Now, a player as gifted as Djokovic can go seamlessly from cleaning up at Roland-Garros to cleaning up at the All England Club, where the 36-year-old hopes to become the oldest men’s singles champion in the Open Era.
“You still have to adjust some, but it’s microscopic in comparison to what it used to be,” says Paul Annacone, a former coach to Pete Sampras and Roger Federer who now consults for the Tennis Channel. “That’s a reason why I think we’ve seen the great players dominate even more, because they haven’t had to change as much.”
The trend is part of a larger homogenizing of surfaces across the sport, and in particular at the four Grand Slam events. Quantifying the phenomenon is tricky, and plenty have tried by using ace percentages. But the statistics website Tennis Abstract developed a model around the expected length of rallies with data pulled from shot-by-shot logs of over 12,000 matches.
For the period between 1959 and 1995, a spell dominated in the men’s game by serve-and-volleyers, the analysis found that rallies on grass tended to be 0.75 shots shorter than they were on hard courts and a full 1.75 shots shorter than those on clay. But since 2016, the grass and clay appear to have converged. Grass rallies now last just 0.45 shots less than hard court rallies and 0.61 shots less than on clay.
“The grass definitely seems thicker, which is terrific, because it stays lush a lot longer,” Annacone says. “And the balls feel either a little bit heavier or a little less compressed, so it’s more difficult to hit winners.”
Slazenger, which manufactures the Wimbledon ball, said that it hasn’t changed the specifications since 1995. The last major change to the grass recipe, meanwhile, dates back to 2001, when the All England Club switched to more durable 100% perennial ryegrass . (It was previously 70% rye and 30% creeping red fescue, in case you’re keeping score at home.) The club doesn’t believe that the alteration to the mix contributed to any significant change in the perceived speed of the grass plays.
But one thing that has evolved dramatically is the condition of the soil. As British summers grew warmer over the past two decades, the courts have become harder during the two weeks of Wimbledon, allowing the ball to bounce higher and minimizing some of the surface’s more baffling effects.
The other factor, former players and coaches said, is the radical progress in racket technology. Newer equipment, which generates more spin with the flick of a wrist, helps players hit better shots from tougher positions to stay in points longer. Fewer men can simply serve the ball straight through their opponents anymore—which happens to make for better television viewing too.
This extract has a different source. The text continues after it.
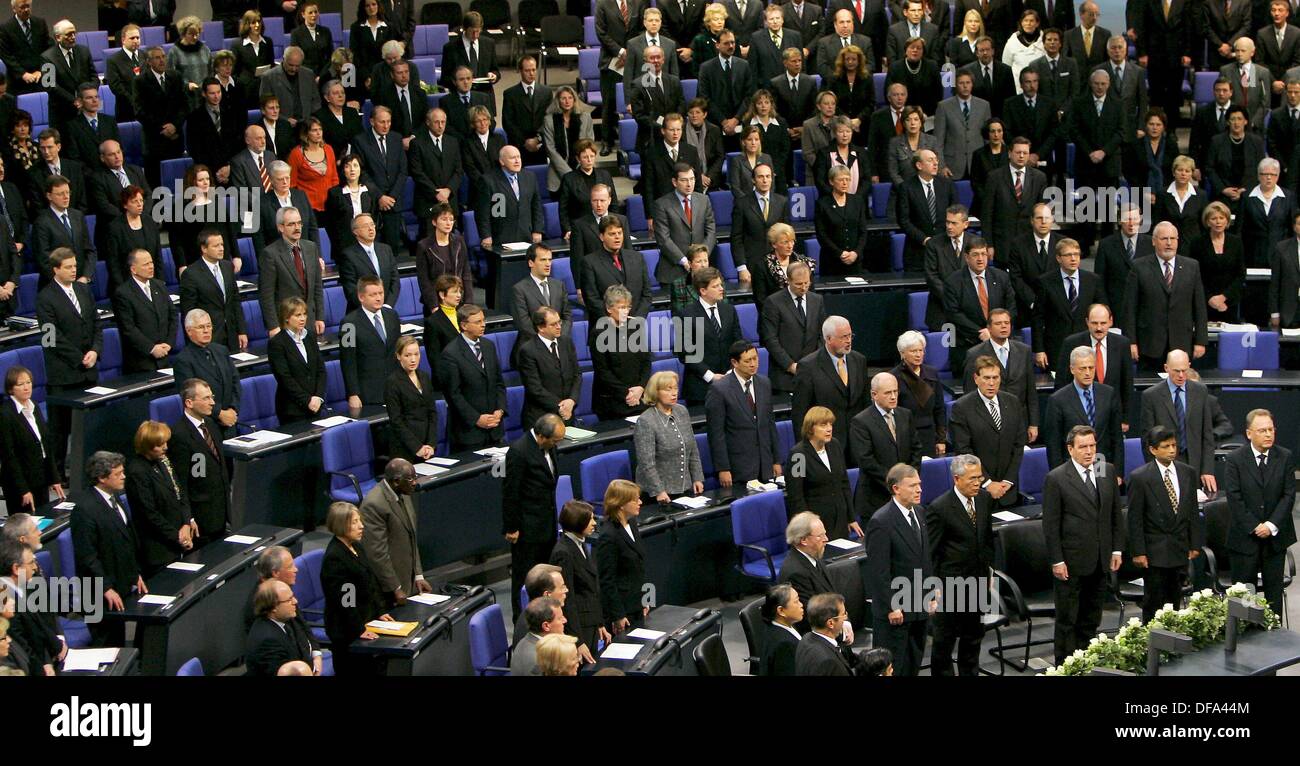 Members of the German Bundestag commemorate the flood victims of Southeast Asia on the 20th of January in 2005. At least 220,000 people were killed, among then 60 Germans. About 600 people are still missing. Stock Photo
For a former champion such as Djokovic’s current coach, the big-serving Goran Ivanisevic who won in 2001, current conditions would have been a nightmare. But over the years that followed, Annacone believes that slightly slower grass courts played a role in making the era of the Big Three. Neither Djokovic, nor Federer or Rafael Nadal ever had a lights-out power serve in their arsenals. So a surface that evolved toward starting more points from scratch only magnified the gifts of all-rounders.
“In years past, you had ‘court-surface specialists.’ But I’m not really sure that that phrase really makes much sense anymore,” Annacone says. “It’s mostly lateral tennis at the back of the court with finishing at the net on occasion.”
That doesn’t mean that the grass—with its mystique, its nuance, and its imperfections—isn’t intimidating to some. The surface might be slower than it’s ever been, but to world No. 4 Casper Ruud, it remains too dizzying to play his best tennis on. Turning it into a running joke, he’s all but given up on ever winning a grass-court tournament.
“I think grass,” Ruud said, “is for golf players.”